Die Zeugin gab an, daß sie im Hause S das Erdgeschoß bewohne. Der Bw wohnt im 1. Stock. Sie lege sowohl die Post als auch Prospekte immer auf die Stiege. Die Post werde von den Personen mitgenommen, die zuerst nach Hause kommen, meistens sind es die Kinder des Bw. Es sei durchaus möglich, daß die ggstl. Sendung zusammen mit Prospekten irrtümlich weggeworfen wurde. Jetzt sei ihr bewußt, daß sie RSb- oder RSa-Briefe nicht zusammen mit der übrigen Post ablegen soll. Sie sei zum damaligen Zeitpunkt sehr krank gewesen und mußte sich viel im Bett aufhalten.

Aufgrund dieser Zeugenaussage kann nicht mit der für ein Verwaltungsstrafverfahren erforderlichen Sicherheit davon ausgegangen werden, daß dem Bw die ggstl. Lenkeranfrage physisch tatsächlich zugekommen ist, woraus in rechtlicher Hinsicht resultiert, daß er die ihm zur Last gelegte Verwaltungsübertretung nicht zu verantworten hat, weil es am Verschulden fehlt.

Aus den genannten Gründen war spruchgemäß zu entscheiden.

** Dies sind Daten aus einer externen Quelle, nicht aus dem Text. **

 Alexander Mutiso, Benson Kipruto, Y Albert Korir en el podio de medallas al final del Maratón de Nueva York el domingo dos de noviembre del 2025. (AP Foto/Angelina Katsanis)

4. Die Kostenentscheidung ist gesetzlich begründet.

Rechtsmittelbelehrung:

Gegen diesen Bescheid ist kein ordentliches Rechtsmittel zulässig.

Hinweis:

Gegen diesen Bescheid kann innerhalb von sechs Wochen ab seiner Zustellung eine Beschwerde an den Verfassungsgerichtshof oder an den Verwaltungsgerichtshof erhoben werden; diese muß - von gesetzlichen Ausnahmen abgesehen - jeweils von einem Rechtsanwalt unterschrieben sein. Für jede dieser Beschwerden ist eine Gebühr von 2.500 S zu entrichten.